Problem
For the records below, output word for word the lines from the one with "Alquilaencanarias Medano Lugar" up to and including the one with "A heated pool". No pictures.

Data records
◆ ◆ ◆ ◆
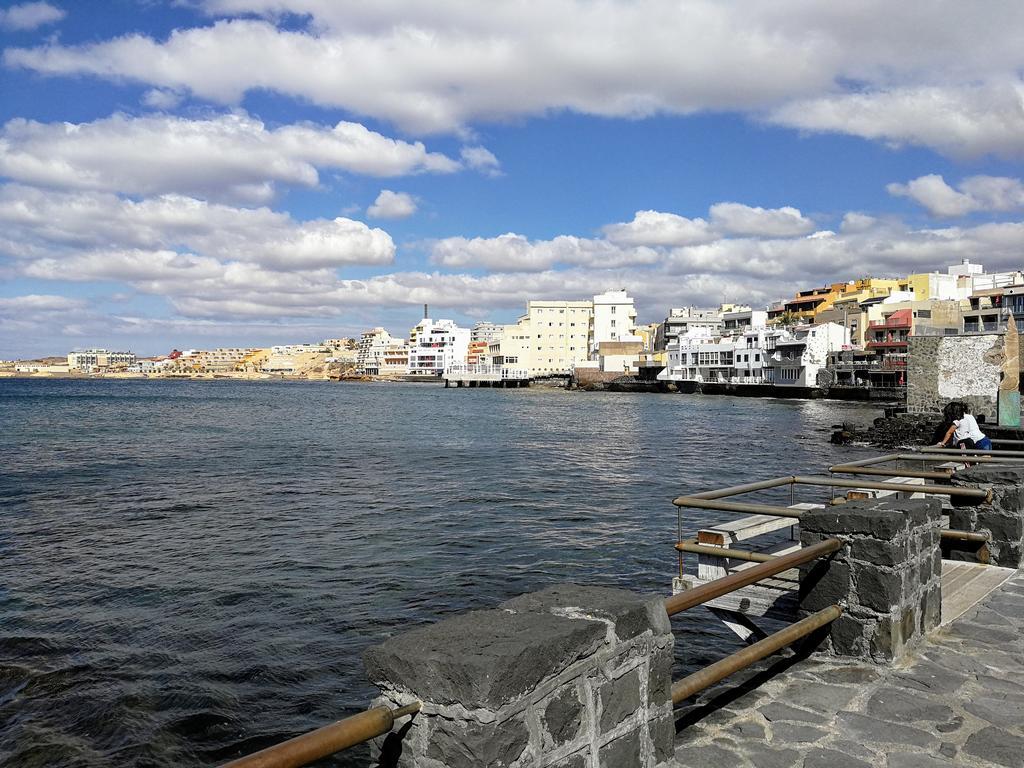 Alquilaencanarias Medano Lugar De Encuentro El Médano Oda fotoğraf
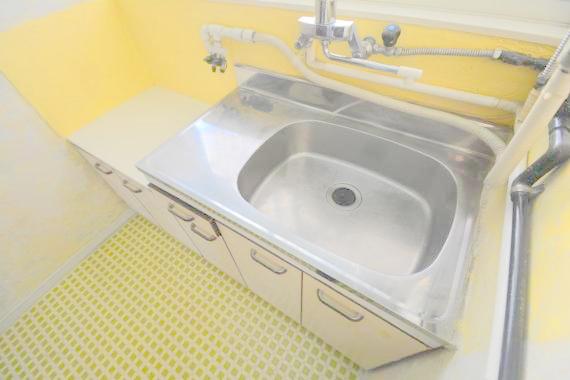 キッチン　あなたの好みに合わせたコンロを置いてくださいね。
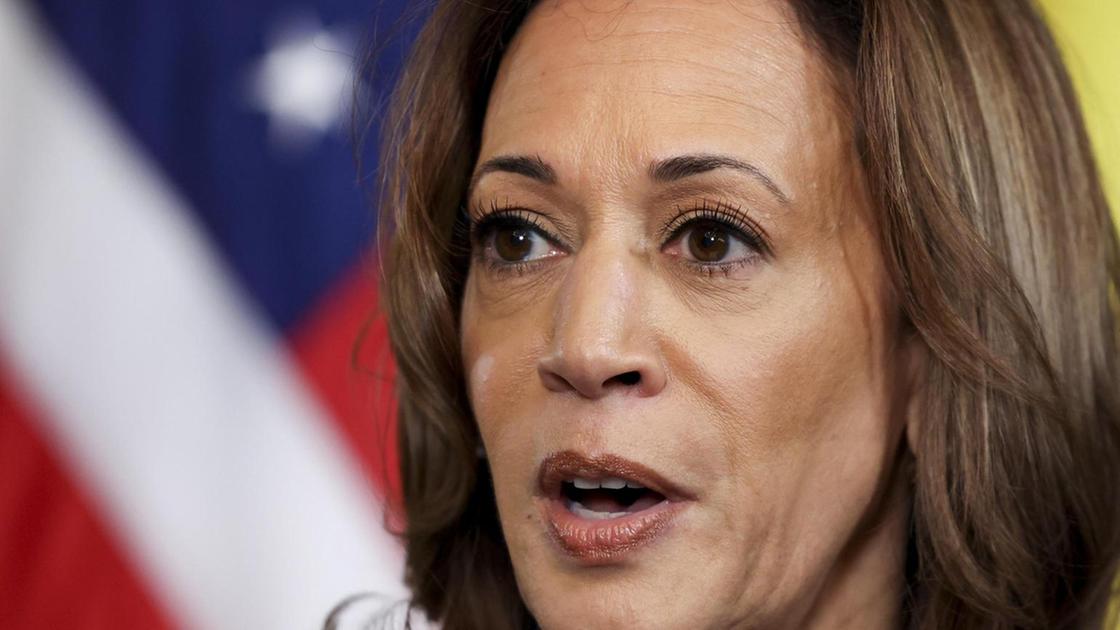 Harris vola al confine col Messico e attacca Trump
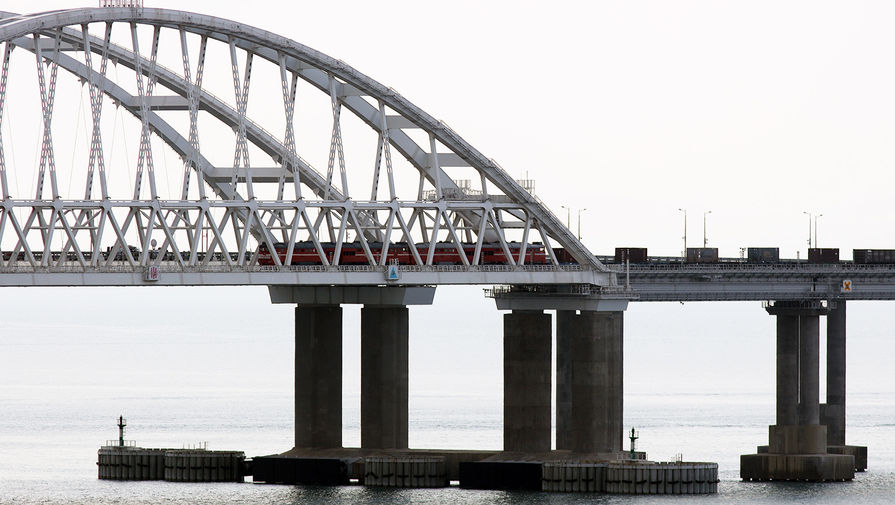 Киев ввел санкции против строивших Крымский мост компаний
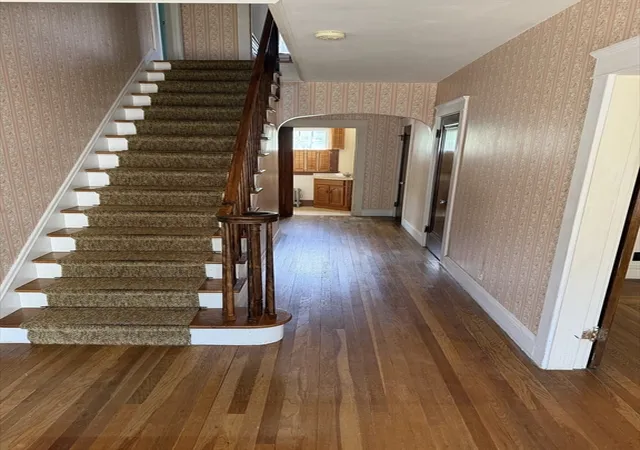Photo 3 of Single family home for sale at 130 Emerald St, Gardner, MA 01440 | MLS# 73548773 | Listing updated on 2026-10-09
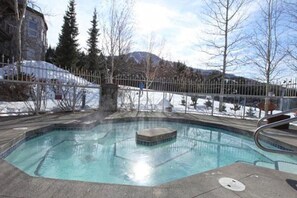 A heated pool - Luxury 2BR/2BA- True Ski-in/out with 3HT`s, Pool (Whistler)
◆ ◆ ◆ ◆
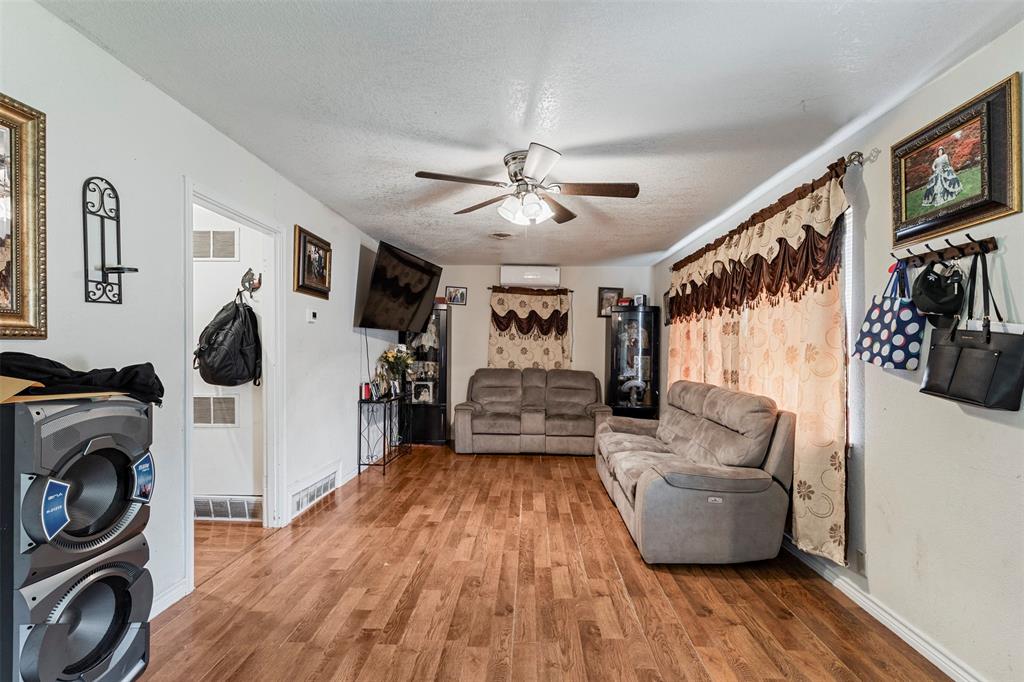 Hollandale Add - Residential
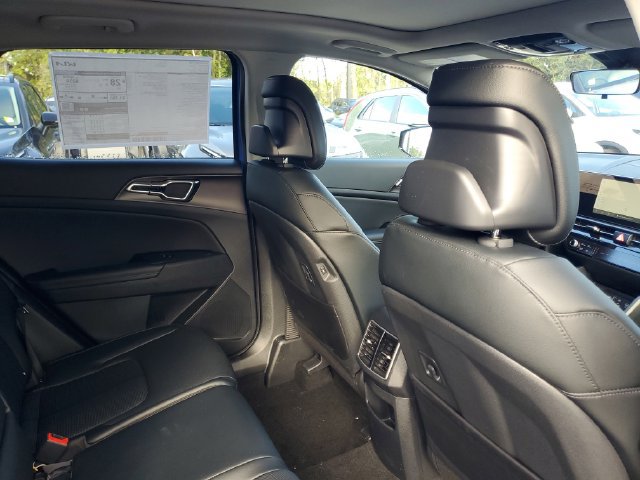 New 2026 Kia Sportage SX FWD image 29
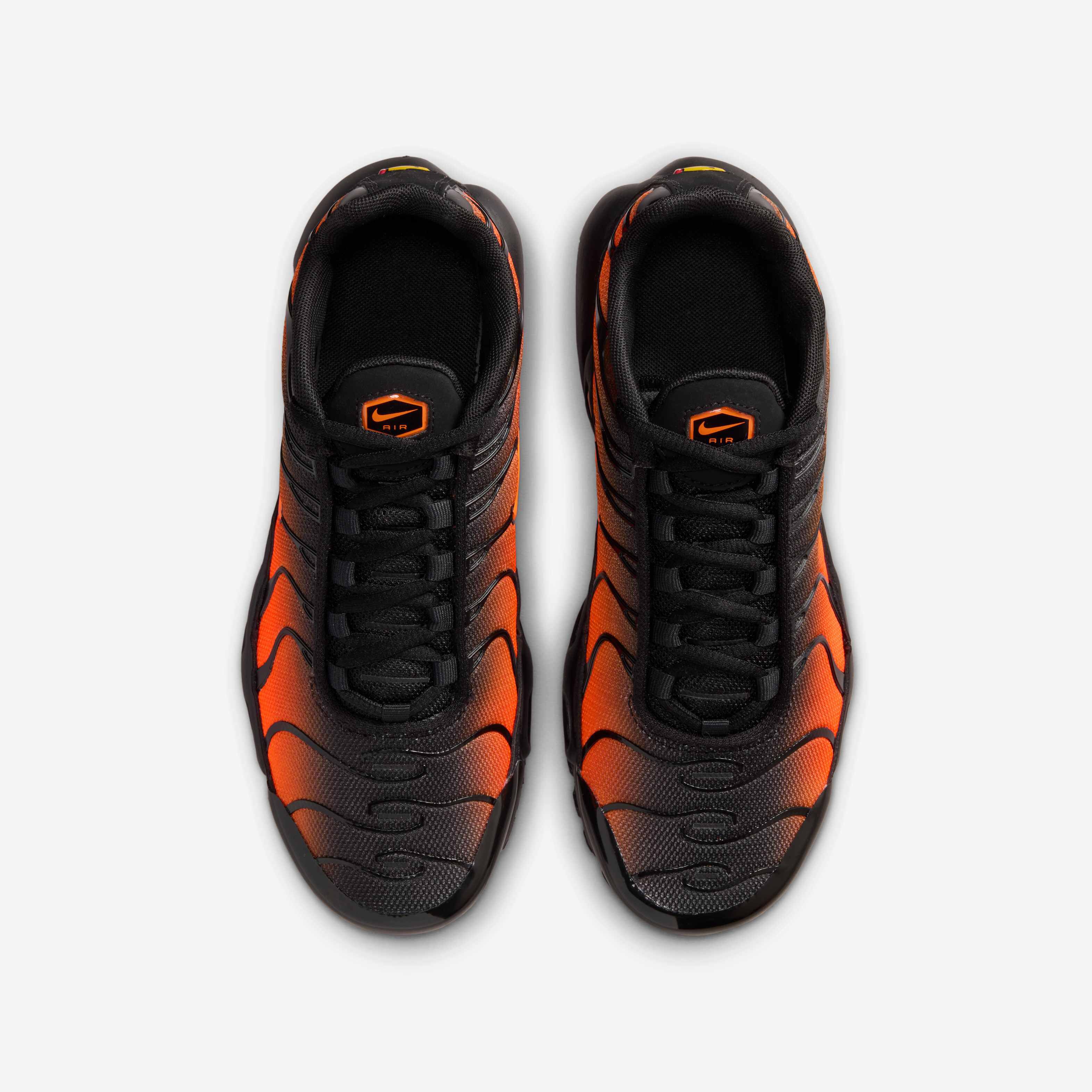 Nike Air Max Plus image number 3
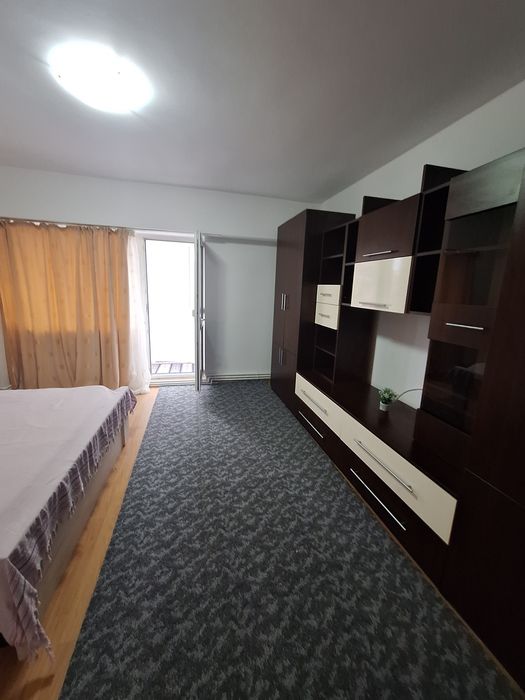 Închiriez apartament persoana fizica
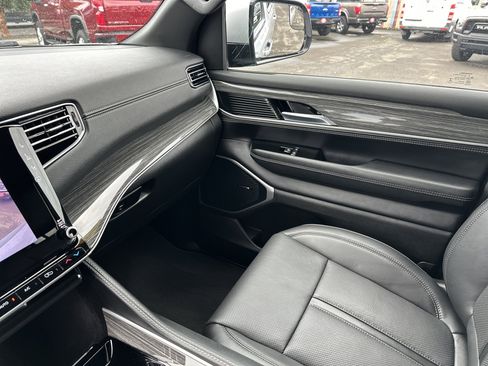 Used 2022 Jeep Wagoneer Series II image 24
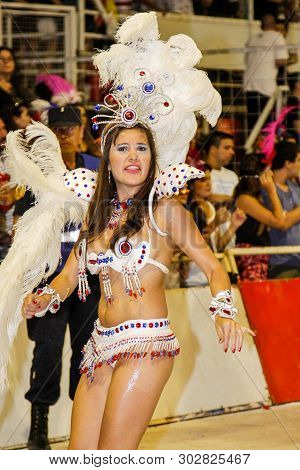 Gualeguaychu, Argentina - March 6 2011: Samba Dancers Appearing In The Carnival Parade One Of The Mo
◆ ◆ ◆ ◆
Result of this task
 Alquilaencanarias Medano Lugar De Encuentro El Médano Oda fotoğraf
 キッチン　あなたの好みに合わせたコンロを置いてくださいね。
 Harris vola al confine col Messico e attacca Trump
 Киев ввел санкции против строивших Крымский мост компаний
Photo 3 of Single family home for sale at 130 Emerald St, Gardner, MA 01440 | MLS# 73548773 | Listing updated on 2026-10-09
 A heated pool - Luxury 2BR/2BA- True Ski-in/out with 3HT`s, Pool (Whistler)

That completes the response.